* **ASSIGNMENT**
The whole listing below, with no pictures, is to be repeated as it stands.

==== EXERCISE DATA

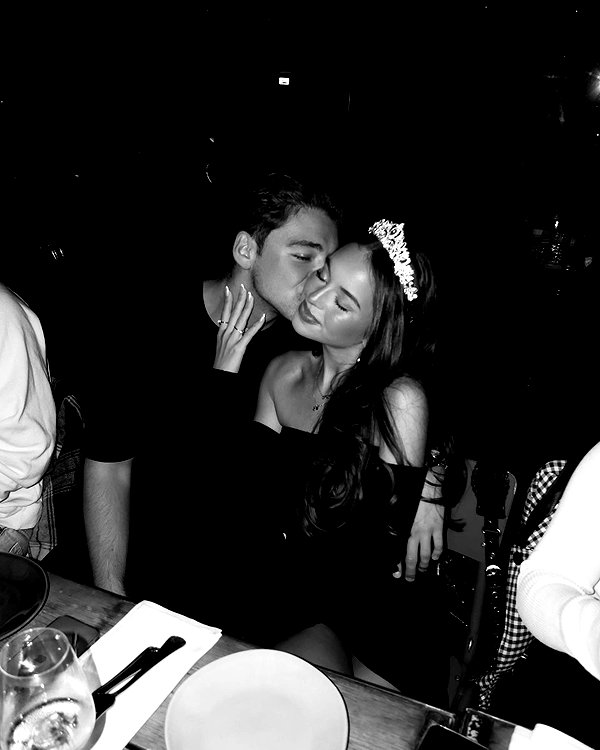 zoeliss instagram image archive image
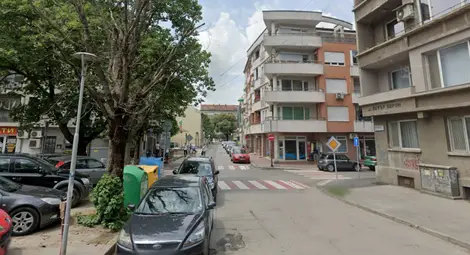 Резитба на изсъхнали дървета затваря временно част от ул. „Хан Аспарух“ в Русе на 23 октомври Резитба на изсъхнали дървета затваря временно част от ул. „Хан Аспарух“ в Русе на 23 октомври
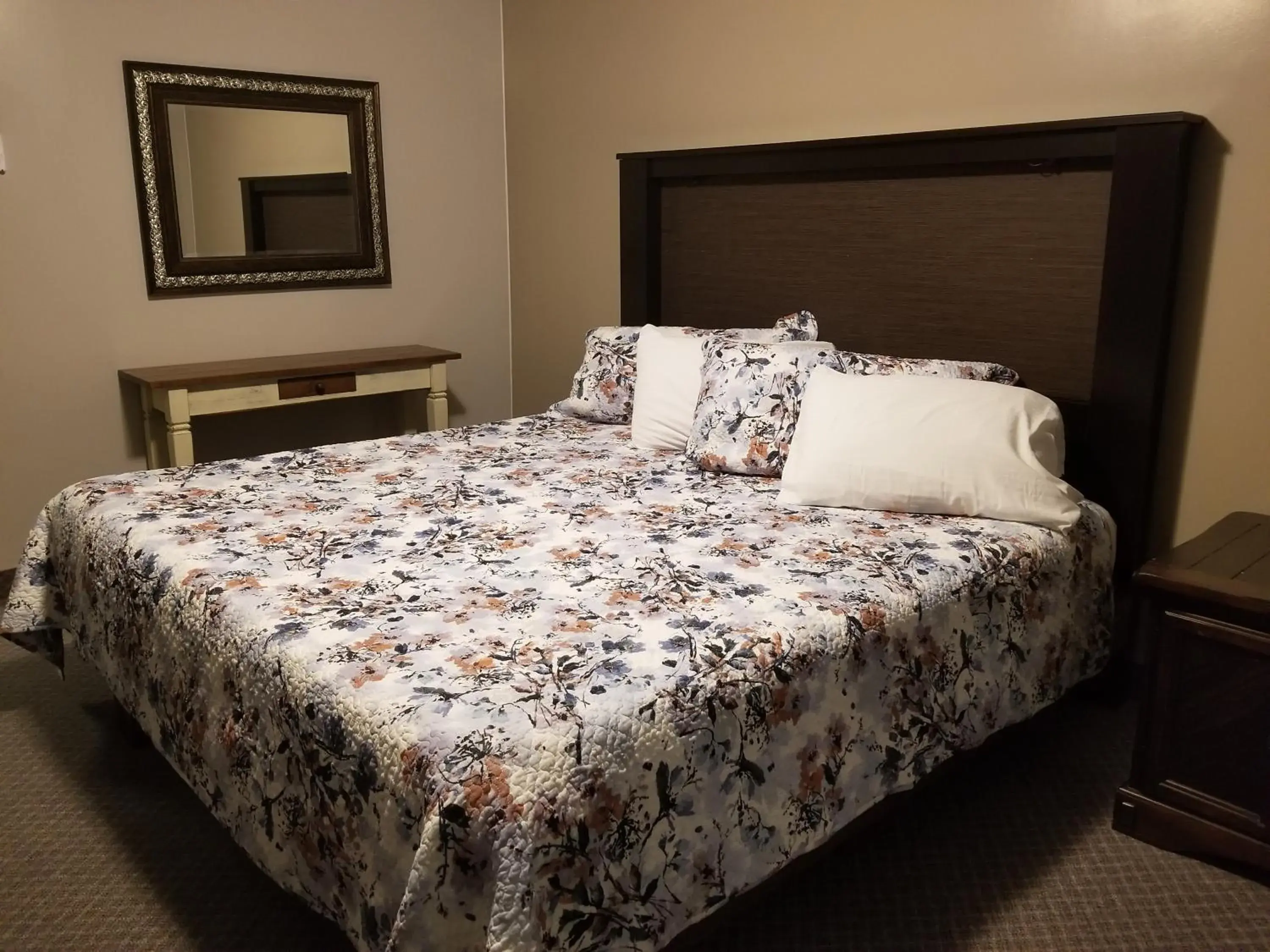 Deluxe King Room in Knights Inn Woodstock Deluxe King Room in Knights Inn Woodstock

========

* **SOLUTION TO THIS EXERCISE**
 zoeliss instagram image archive image
 Резитба на изсъхнали дървета затваря временно част от ул. „Хан Аспарух“ в Русе на 23 октомври Резитба на изсъхнали дървета затваря временно част от ул. „Хан Аспарух“ в Русе на 23 октомври
 Deluxe King Room in Knights Inn Woodstock Deluxe King Room in Knights Inn Woodstock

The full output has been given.